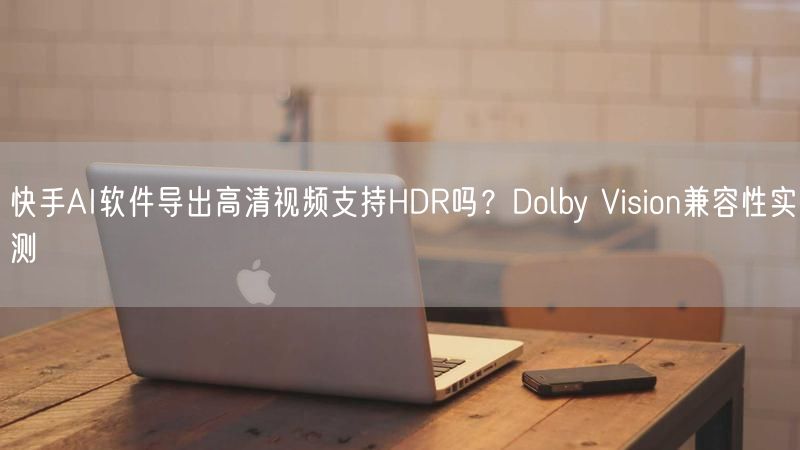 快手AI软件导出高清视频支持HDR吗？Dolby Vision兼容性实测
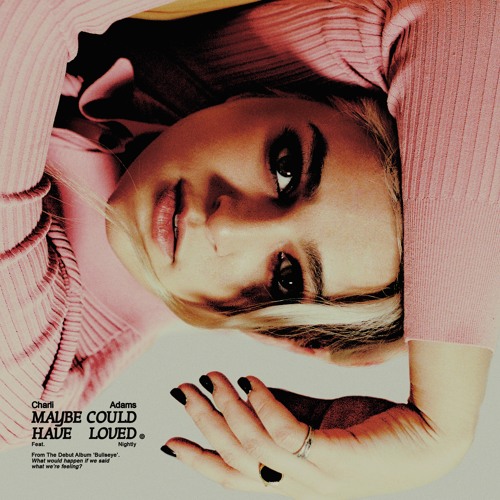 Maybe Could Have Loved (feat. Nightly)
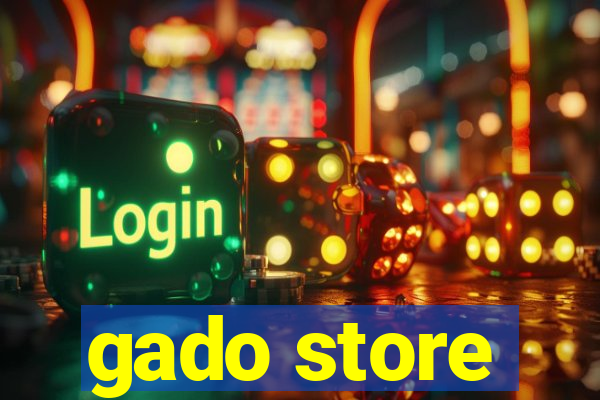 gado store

══════

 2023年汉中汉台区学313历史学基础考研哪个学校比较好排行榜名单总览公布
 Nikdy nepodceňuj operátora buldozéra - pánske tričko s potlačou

══════

EXERCISE DIRECTIONS ::
Return only the lines between the one holding "2023年汉中汉台区学313历史学基础考研哪个学校比较好排行榜名单总览公布" and the one holding "Nikdy nepodceňuj operátora", inclusive, exactly as they appear above.

THE COMPLETED TASK ::
 2023年汉中汉台区学313历史学基础考研哪个学校比较好排行榜名单总览公布
 Nikdy nepodceňuj operátora buldozéra - pánske tričko s potlačou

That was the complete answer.